1On se figure communément la relation que les adolescents entretiennent avec les outils numériques comme une relation euphorique placée sous le signe d’un engouement toujours renouvelé : parce qu’ils réclament ardemment un (nouveau) mobile, parce qu’ils en demandent toujours plus (plus de temps autorisé devant les écrans, plus de crédit), parce qu’ils investissent sans cesse de nouveaux services ou de nouveaux réseaux sociaux, parce qu’ils se séparent difficilement de leur mobile, il est tentant d’assimiler cette « adhérence » observable aux outils à une adhésion inconditionnelle. Une polarité semble aujourd’hui admise entre le divertissement, souvent suspecté d’être vain, offert par les outils et les services numériques, et un ennui doté d’une nouvelle noblesse que l’on assimile volontiers à la posture contemplative. Les adolescents fuiraient l’ennui et ses possibles bienfaits en s’immergeant dans les écrans.
2Les dernières enquêtes statistiques nous apprennent que les 15-24 ans passent en moyenne 1 h 30 par jour sur Internet.
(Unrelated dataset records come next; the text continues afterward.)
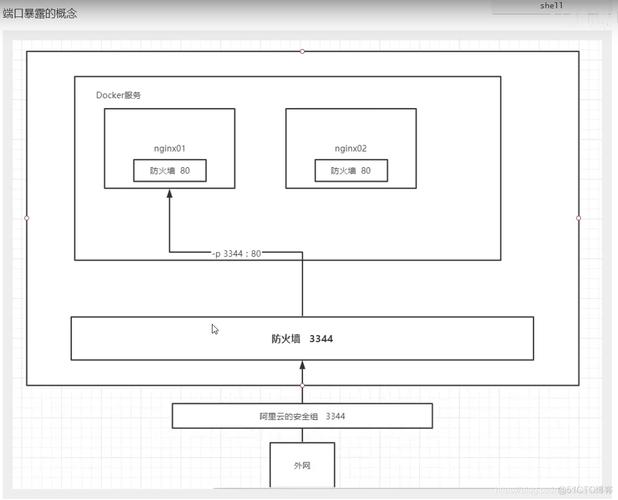 Docker Compose orchestrate containers_docker compose和swarm_Docker Swarm cluster configuration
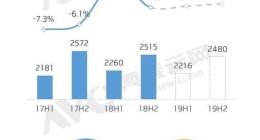 华为入局：电视巨头们该是喜还是忧？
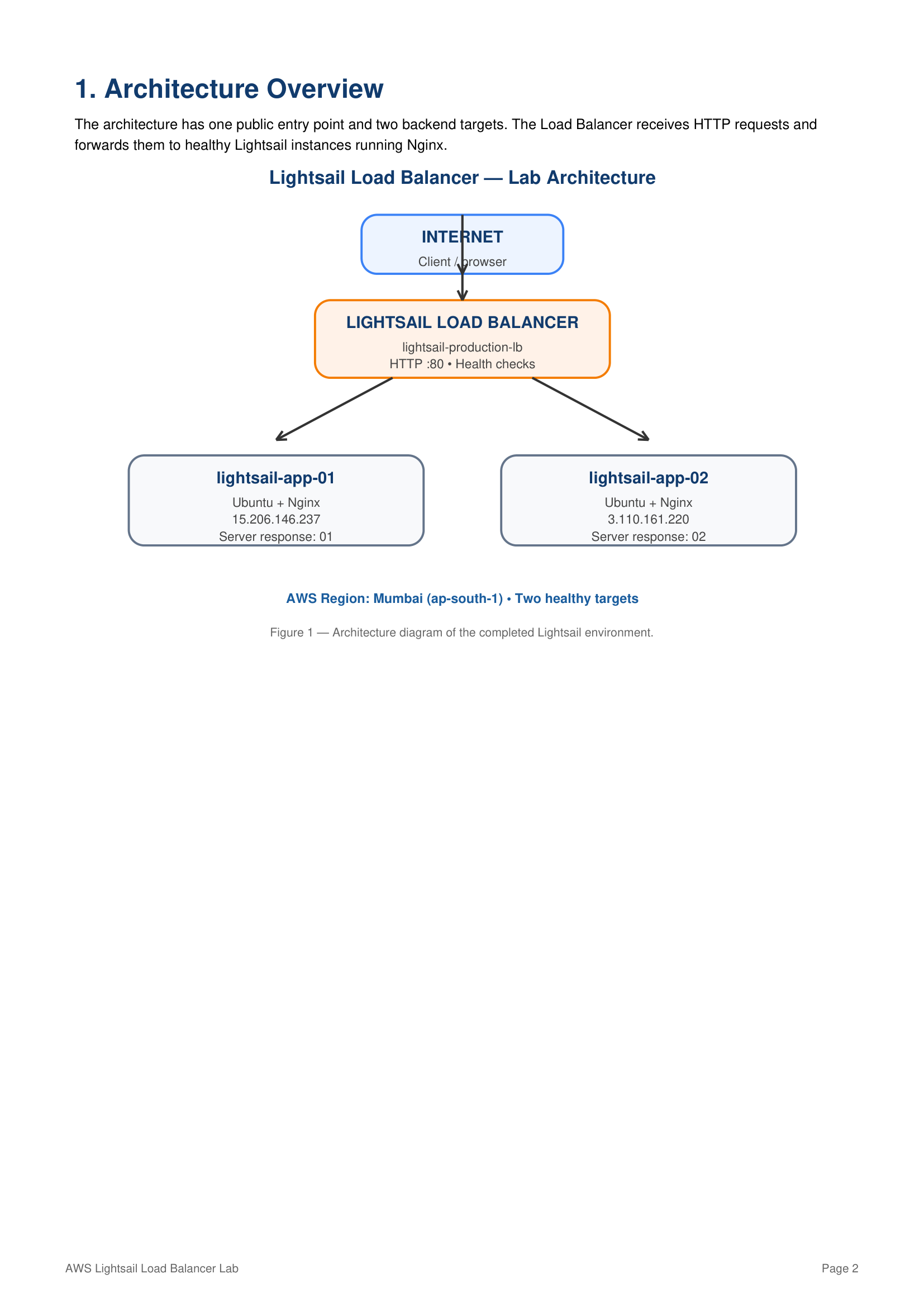 Lightsail Load Balancer Lab Architecture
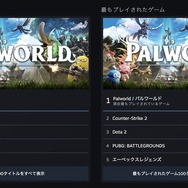 インディー発ゲーム「パルワールド」はなぜ世界的に大ヒットしているのか、分析してわかること（西田宗千佳）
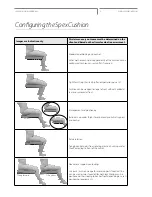 Preview for 6 page of SPEX Cushion20170320 Installation & User Manual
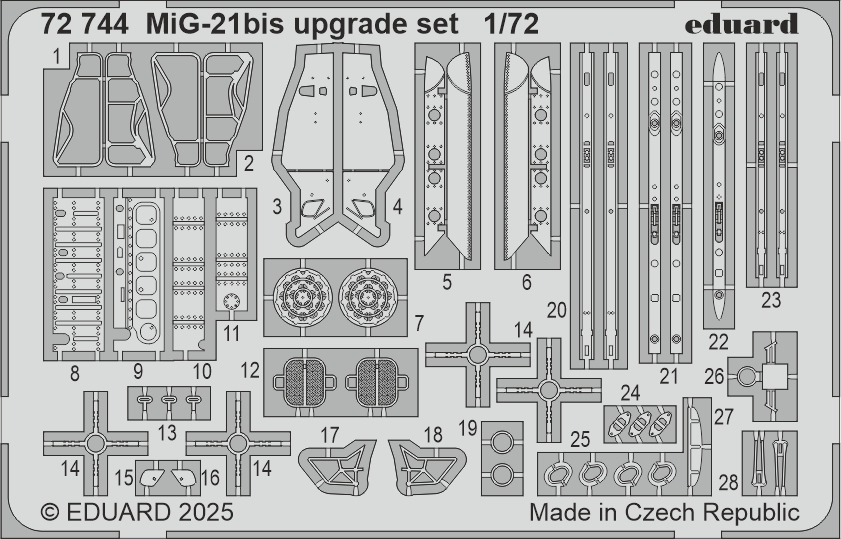 SET MiG-21bis upgrade set (EDU)
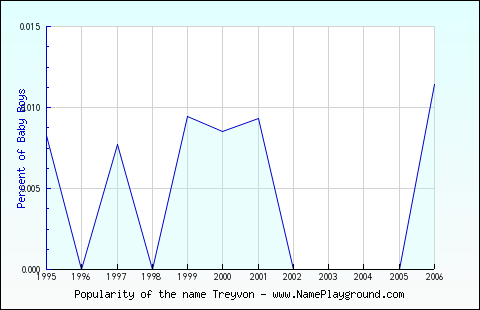 Line chart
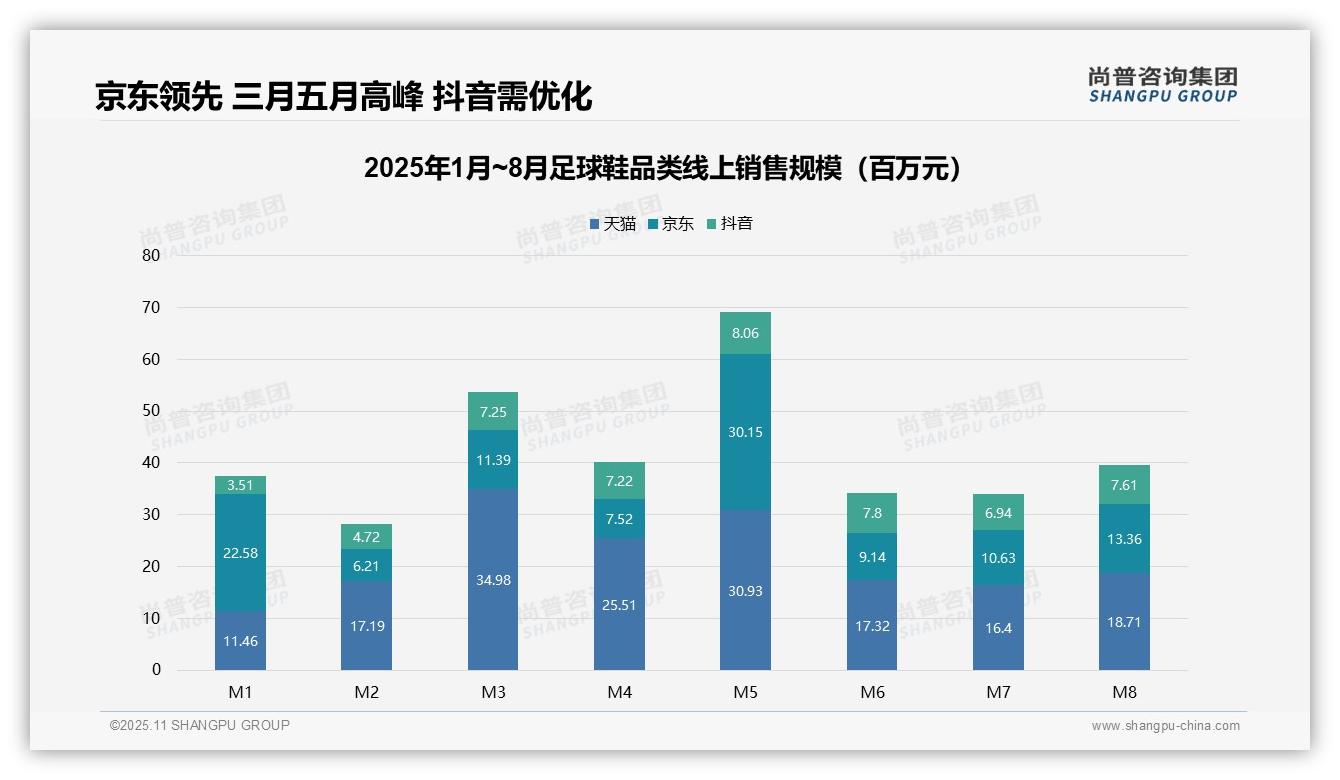 权威印证：尚普咨询集团调研报告确认足球鞋月度销售额增长超50%-2025年11月-足球鞋-38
Mais les chiffres qui pointent la quantité du temps passé comme une spécificité adolescente restent muets sur la qualité de ce temps tel qu’il est vécu par les jeunes.
3Au cours de nos entretiens ethnographiques menés auprès de trente adolescents issus de milieux sociaux et géographiques différents [1], un constat s’est imposé qui contraste avec les représentations courantes : la lassitude, le trop-plein, l’inintérêt ou encore la disqualification des contenus et des services dont ils font pourtant couramment usage tiennent une large part dans leur discours. « Souvent je suis gavé », « saoulé », « aucun intérêt », « Je fais ça comme ça, parce qu’il y a rien d’autre », « Je regarde à peine », « Il se passe rien », « C’est pas intéressant mais on lit quand même » : le couperet du « C’est nul » n’épargne pas les moments passés en ligne.
4Face à ces verdicts négatifs et à ces récits de fin d’après-midi traînantes, à ces sms aussitôt lus aussitôt oubliés, face à ces moues vagues devant un énième snapchat réceptionné, ou à ces posts sur Twitter ressassant l’heure qu’il est et le temps qui ne passe pas, il faut se rendre à l’évidence : les ados connectés s’ennuient avec leurs outils numériques, comme ils peuvent s’ennuyer à l’école, ou avec leurs parents.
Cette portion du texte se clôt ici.